Lately things have been troubling. Not so horrible that on the surface they don't seem superficial. Work has been a bit on the frustrating side because, no matter what I do for my students, it isn't enough for the parents. I sincerely try to prepare them for all of their work before I grade it, but it is never enough. The message rings loud and clear. I am NOT doing a good enough job. For a year I have been causing needless suffering for these poor students who have to be brought up to the level of an honors student rather than being at an honors level when I get them. I am having a hard time wrapping my head around that. If it is an honors class, shouldn't they be prepared for the rigor and able to read at a certain level? But, alas, EAR WAX!
So English has clearly been an issue. The second issue with work is my improv team. The team hasn't been performing at their former level of excellence. They seem to have forgotten the fundamentals. I let my team captain run the practices, but there hasn't been any real improvement in performance. I took over a workshop and I cannot tell you the disrespect I received from members of my team. What coach would put up with back talk and ridicule? I hate having to correct insubordinate behavior. It is unpleasant and makes me feel angry and like a failure. I know that part of the fault is my own in letting the team captain have too much control over the practices. I can sit here and make excuses as to why I did, but I won't. It was a mistake, and one that will not be repeated in the future. I will take control of the team again, it will be a solid performing team without one or two strong players with egos and the rest willing to be a team.

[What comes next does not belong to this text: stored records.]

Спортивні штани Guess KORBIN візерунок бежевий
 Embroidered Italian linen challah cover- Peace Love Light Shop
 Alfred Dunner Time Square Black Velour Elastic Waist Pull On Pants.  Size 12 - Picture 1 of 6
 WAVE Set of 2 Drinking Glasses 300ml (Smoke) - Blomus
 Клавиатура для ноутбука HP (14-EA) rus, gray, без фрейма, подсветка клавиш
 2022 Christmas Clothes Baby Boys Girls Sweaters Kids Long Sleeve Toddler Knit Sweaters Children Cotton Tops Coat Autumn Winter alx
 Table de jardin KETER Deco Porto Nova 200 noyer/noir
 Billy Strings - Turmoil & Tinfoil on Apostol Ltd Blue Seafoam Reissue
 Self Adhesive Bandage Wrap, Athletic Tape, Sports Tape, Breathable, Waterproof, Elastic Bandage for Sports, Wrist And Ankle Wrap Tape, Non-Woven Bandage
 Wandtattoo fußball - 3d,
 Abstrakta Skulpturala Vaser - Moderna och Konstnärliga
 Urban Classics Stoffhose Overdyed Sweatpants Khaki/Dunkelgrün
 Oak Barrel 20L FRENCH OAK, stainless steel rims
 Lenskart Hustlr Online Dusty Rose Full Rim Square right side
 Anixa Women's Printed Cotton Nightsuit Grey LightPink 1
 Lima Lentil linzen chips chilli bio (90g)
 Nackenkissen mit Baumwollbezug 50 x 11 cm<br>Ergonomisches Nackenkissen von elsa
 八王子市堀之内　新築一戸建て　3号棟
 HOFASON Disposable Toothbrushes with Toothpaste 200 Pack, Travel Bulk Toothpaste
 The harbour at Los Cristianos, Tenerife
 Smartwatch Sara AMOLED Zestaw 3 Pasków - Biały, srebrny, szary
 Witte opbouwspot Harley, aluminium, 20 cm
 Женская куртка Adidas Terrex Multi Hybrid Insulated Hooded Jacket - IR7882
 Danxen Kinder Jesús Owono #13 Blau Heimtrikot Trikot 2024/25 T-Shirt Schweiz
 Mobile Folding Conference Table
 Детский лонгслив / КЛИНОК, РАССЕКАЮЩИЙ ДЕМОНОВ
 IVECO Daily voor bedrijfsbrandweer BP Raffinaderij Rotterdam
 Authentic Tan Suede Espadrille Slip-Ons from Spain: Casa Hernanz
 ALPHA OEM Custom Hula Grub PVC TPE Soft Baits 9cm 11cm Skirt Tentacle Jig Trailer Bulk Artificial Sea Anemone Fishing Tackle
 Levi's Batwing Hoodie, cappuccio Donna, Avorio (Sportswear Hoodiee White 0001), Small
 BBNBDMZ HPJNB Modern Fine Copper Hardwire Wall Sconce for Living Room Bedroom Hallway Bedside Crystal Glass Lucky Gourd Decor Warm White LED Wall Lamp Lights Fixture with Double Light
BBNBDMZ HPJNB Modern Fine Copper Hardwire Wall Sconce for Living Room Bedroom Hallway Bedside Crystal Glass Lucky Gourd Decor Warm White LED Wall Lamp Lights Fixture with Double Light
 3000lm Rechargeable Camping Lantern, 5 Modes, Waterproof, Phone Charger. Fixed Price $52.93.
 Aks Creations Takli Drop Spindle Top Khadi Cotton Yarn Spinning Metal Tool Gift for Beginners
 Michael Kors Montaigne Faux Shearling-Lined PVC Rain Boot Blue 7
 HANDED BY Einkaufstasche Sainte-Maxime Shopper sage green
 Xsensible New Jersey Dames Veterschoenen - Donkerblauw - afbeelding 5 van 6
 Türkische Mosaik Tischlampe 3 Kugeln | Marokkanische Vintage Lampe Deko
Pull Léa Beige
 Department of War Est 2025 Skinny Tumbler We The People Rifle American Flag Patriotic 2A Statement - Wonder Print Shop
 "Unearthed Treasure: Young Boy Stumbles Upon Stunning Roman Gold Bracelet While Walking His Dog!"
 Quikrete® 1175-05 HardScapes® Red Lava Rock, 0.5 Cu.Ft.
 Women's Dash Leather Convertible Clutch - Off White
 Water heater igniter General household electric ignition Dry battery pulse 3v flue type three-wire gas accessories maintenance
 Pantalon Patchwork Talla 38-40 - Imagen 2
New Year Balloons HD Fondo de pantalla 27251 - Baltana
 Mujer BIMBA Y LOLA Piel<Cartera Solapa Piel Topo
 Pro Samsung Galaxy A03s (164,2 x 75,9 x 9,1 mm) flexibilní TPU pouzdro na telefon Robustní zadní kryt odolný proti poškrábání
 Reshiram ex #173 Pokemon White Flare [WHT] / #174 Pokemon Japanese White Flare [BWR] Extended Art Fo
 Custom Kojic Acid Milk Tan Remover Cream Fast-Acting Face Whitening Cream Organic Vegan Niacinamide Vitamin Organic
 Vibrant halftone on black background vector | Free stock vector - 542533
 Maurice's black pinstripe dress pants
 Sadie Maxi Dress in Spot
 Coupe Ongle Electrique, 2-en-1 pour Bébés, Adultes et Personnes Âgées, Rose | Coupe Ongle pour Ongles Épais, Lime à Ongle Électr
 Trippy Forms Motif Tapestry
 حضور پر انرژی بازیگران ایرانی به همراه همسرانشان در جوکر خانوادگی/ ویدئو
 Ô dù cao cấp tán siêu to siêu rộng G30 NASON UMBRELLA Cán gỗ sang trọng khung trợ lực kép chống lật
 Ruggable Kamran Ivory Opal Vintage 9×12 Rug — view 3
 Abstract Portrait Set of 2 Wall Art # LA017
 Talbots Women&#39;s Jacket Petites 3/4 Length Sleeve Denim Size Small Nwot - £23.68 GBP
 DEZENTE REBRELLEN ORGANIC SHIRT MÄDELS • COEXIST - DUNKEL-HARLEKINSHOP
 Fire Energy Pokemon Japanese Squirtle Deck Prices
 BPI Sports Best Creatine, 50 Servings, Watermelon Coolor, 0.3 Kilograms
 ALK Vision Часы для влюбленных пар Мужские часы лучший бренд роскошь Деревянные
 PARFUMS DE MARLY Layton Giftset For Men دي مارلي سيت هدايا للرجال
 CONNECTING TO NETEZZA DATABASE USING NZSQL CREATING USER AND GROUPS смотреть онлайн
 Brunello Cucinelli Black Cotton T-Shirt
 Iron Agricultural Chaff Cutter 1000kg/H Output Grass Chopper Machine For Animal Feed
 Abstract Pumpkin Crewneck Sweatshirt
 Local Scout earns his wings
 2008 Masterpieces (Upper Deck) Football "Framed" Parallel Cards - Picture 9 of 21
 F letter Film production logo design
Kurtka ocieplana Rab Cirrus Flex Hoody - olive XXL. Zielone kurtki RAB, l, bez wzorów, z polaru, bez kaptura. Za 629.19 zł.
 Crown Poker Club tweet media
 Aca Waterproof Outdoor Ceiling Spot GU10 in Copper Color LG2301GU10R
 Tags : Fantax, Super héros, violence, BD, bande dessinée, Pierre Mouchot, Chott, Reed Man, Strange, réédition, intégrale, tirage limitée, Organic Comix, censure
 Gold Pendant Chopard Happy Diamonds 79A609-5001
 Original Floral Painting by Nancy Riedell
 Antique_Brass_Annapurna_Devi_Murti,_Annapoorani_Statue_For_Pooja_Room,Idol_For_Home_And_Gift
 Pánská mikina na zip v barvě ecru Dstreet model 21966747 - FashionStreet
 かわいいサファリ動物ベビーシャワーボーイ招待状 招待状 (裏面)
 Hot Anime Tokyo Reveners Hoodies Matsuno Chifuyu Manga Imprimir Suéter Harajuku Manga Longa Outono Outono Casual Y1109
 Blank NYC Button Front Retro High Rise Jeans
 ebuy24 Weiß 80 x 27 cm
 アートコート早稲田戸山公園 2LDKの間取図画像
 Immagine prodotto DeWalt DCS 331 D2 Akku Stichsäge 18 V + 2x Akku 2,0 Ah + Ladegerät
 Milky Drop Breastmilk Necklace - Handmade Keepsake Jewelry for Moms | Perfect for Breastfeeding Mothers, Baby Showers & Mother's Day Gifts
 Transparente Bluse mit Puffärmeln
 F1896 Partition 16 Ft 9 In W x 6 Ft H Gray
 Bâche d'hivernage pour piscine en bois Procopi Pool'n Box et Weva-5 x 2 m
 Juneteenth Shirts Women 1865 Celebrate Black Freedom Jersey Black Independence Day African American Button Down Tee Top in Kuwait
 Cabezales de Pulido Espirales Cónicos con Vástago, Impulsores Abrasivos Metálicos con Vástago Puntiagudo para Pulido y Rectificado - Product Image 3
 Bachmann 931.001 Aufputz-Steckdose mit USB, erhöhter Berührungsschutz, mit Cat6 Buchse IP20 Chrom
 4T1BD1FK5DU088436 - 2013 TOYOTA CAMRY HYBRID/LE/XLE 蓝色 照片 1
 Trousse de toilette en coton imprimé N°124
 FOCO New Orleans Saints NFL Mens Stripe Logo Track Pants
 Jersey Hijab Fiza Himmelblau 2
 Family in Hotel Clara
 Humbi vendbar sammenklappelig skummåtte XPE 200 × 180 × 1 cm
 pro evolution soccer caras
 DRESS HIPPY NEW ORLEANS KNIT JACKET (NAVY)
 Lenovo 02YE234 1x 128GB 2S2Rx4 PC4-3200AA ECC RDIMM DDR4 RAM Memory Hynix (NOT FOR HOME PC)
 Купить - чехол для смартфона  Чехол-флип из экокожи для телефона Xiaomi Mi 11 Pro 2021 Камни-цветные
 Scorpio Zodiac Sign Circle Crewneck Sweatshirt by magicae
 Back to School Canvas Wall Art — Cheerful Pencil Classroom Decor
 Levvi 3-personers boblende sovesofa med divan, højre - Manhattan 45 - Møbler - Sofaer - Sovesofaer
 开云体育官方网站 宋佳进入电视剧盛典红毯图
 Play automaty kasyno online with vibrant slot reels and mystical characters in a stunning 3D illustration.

I have realized that I have someone willing to inspire and help me. These things that trouble me, as insignificant as they may seem on the surface, if they matter to me, they matter to my Father in Heaven. I can ask for help. I often forget to ask for help with my day-to-day things. I should. Everyone should. I don't have to ask for help with things like what type of toothbrush I should buy, but that may be a decision for which someone else may need divine inspiration. It may seem like I am over simplifying this, but I am sincere. If it matters to us, it matters to Him. I have been troubled about my job for awhile, and just asking for assistance to help me know what to do and do what I need to do to make things right is enough to make my burdens easier to bare. Things are coming to mind, my attitude is changing, my mood is brighter. It is within my power to change my circumstances. All I have to do is ask for that help. I will not ask that they be changed for me. Faith without works is DEAD!